AWS provider's `accelerator` label has reservation-scoped semantics, diverging from other MNNVL-aware providers

# AWS provider's `accelerator` label has reservation-scoped semantics, diverging from other MNNVL-aware providers

## Context

Topograph's `network.topology.nvidia.com/accelerator` label is defined as an accelerated interconnect domain identifier — in practice, operators treat it as "same-value → same NVLink fabric". Four of topograph's five providers that emit this label honor that contract by deriving the value from a Fabric-Manager-derived NVLink clique ID:

| Provider | Source of `accelerator` value |
|---|---|
| `dra` | `nvidia.com/gpu.clique` label from the NVIDIA GPU Operator ([`pkg/providers/dra/provider.go`](https://github.com/NVIDIA/topograph/blob/main/pkg/providers/dra/provider.go#L28)) |
| `infiniband-bm` | `ClusterUUID.CliqueId` via `nvidia-smi` ([`pkg/providers/infiniband/bm.go`](https://github.com/NVIDIA/topograph/blob/main/pkg/providers/infiniband/bm.go#L24-L36)) |
| `infiniband-k8s` | `ClusterUUID.CliqueId` from the device plugin's annotations ([`pkg/providers/infiniband/k8s.go`](https://github.com/NVIDIA/topograph/blob/main/pkg/providers/infiniband/k8s.go#L97-L123)) |
| `lambdai` | `NVLink.DomainID.CliqueID` from the Lambda AI API ([`pkg/providers/lambdai/provider.go`](https://github.com/NVIDIA/topograph/blob/main/pkg/providers/lambdai/provider.go#L71)) |

The AWS provider is the exception — it derives `accelerator` from AWS's `CapacityBlockId` attribute:

```go
// pkg/providers/aws/instance_topology.go:110-111
if inst.CapacityBlockId != nil {
    topo.AcceleratorID = *inst.CapacityBlockId
}
```

Per the [AWS EC2 API reference for `InstanceTopology`](https://docs.aws.amazon.com/AWSEC2/latest/APIReference/API_InstanceTopology.html), on UltraServer instances `CapacityBlockId` "identifies instances within the UltraServer domain" — it is a **reservation-scoped identifier**, not an NVLink-partition identifier. AWS's explicit "same NVLink domain" label is [`topology.k8s.aws/ultraserver-id`](https://docs.aws.amazon.com/sagemaker/latest/dg/sagemaker-hyperpod-topology.html).

## Why this matters

Per the Run:ai [canonical definition](https://run-ai-docs.nvidia.com/saas/platform-management/aiinitiatives/resources/using-gb200), a clique is "a logical split of the MNNVL into smaller domains". An UltraServer can contain multiple cliques (e.g., an x72 split into two x36 halves), and a clique can be absent when NVIDIA Fabric Manager has not completed init (NVML reports `NVML_GPU_FABRIC_STATE_COMPLETED` is required before the label is written).
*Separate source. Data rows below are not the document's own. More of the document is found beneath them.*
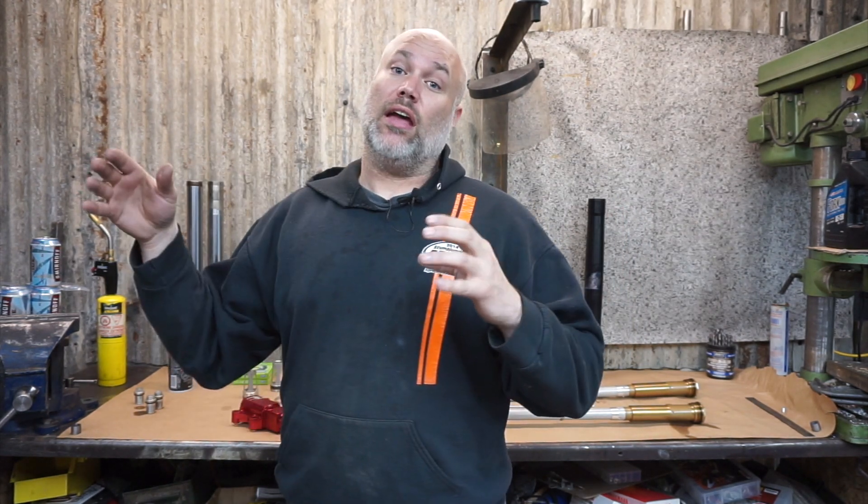All right, we're actually going to go ahead and get the forks assembled, then I can get them in the bike, start working on the shock, and start working on other things. This bike has been on the lift for like a month and a half and it's been driving me crazy — the weather's finally here to ride and the only thing keeping me from riding is there's no suspension.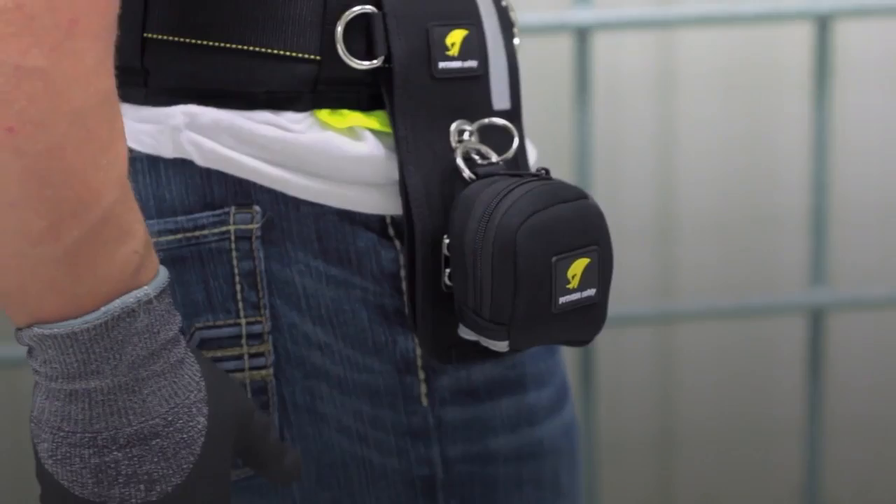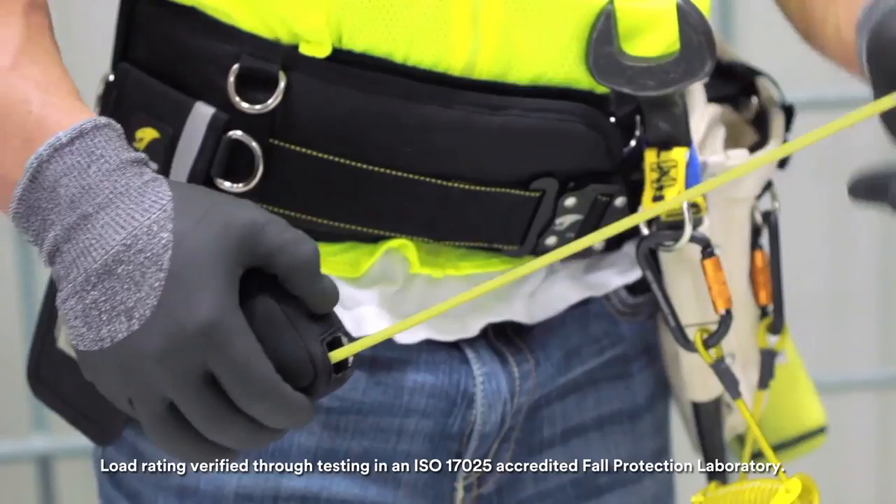Zip up the sleeve and secure it onto the holster mount. The tape measure can now fully extend and the lock can be engaged.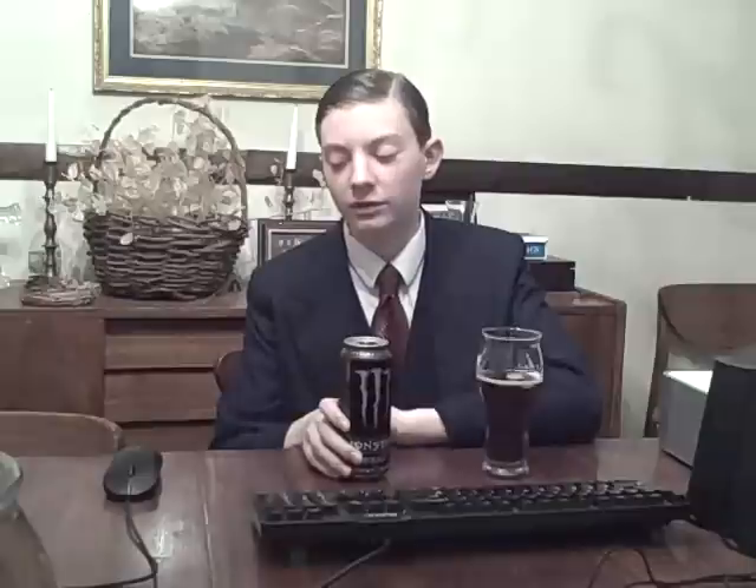Is this worth it? $1.99? Go out and get one right now — I'm not kidding. Get out, walk down to the store and go get this. It's good stuff, good stuff. Good price too — $1.99. Good, good stuff, good price as well.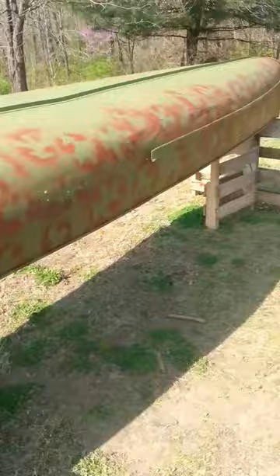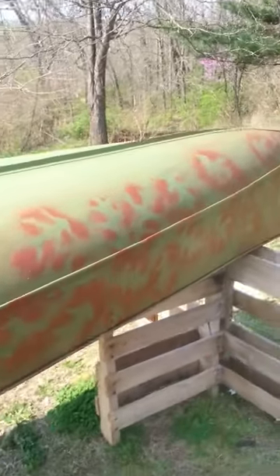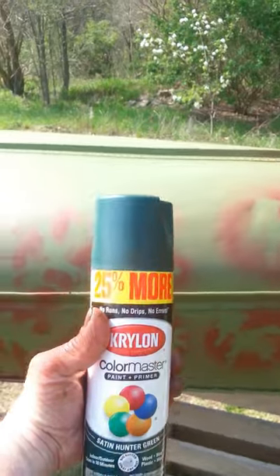This is what it looks like after you get the first color put on it. First layer of camo is laid down. Now I'm going with the next color right here and I'll be back when that's done.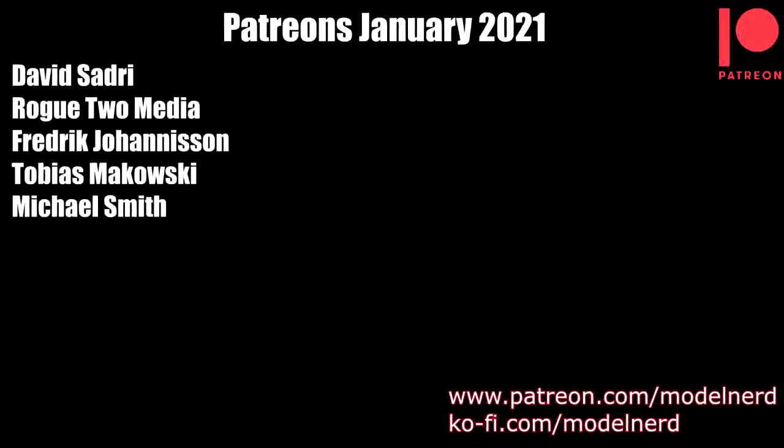Let me take a moment to say a special thanks to my Patreon supporters, whose names you can see on the screen now — I really do appreciate your support. Thank you everyone for watching, please do remember to like, subscribe and comment, and I hope to see you in the next video.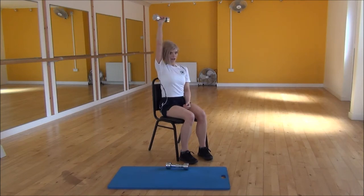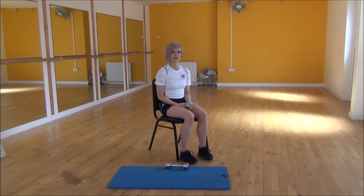Squeeze and lift up, and then relax there. That's the single arm tricep extension.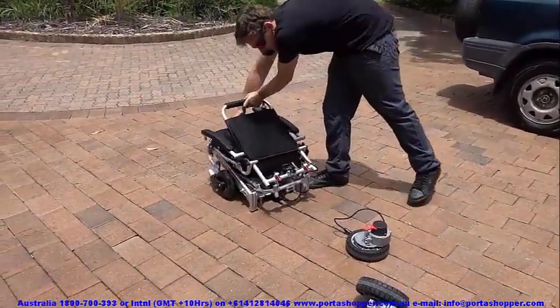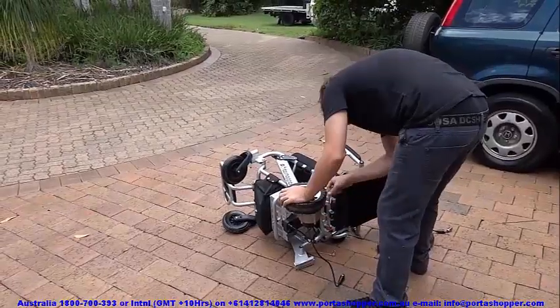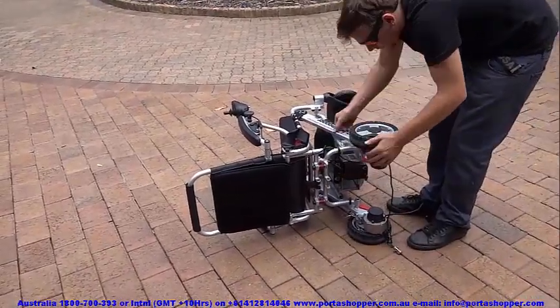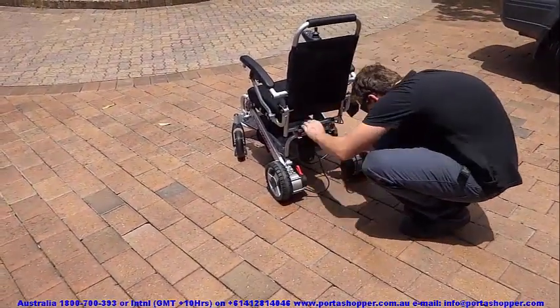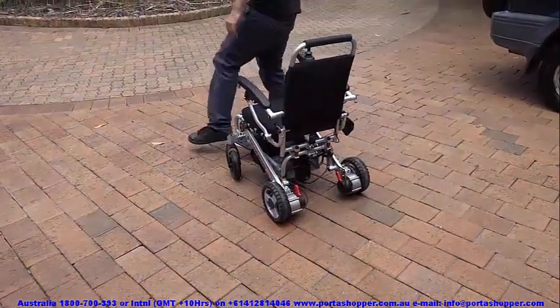The PortaShopper 3 can be chosen with a factory fitted Big Easy quick release kit, or purchased with the option of getting a retrofit kit at a later stage. It is also compatible with all our accessories including the Big Easy Kit, the air glide suspension casters, our adjustable angle leg rests, the stand sticks, the carer control arm, and the PortaRamp.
The practical consequence is that two nodes with the same `network.topology.nvidia.com/accelerator` value can mean:

- **On DRA / InfiniBand / Lambda AI providers**: same NVLink fabric (operator's likely mental model)
- **On the AWS provider**: same UltraServer reservation, which is co-extensive with the UltraServer-level MNNVL domain on P6e-GB200 but may contain multiple cliques — so "same accelerator" is coarser than "same NVLink partition"

Empirical data from an NVIDIA-internal cluster confirms the N-cliques-per-CapacityBlock case in production: multiple distinct `nvidia.com/gpu.clique` values were observed within a single `topology.k8s.aws/capacity-block-id`, with some Capacity Blocks having no clique ID at all.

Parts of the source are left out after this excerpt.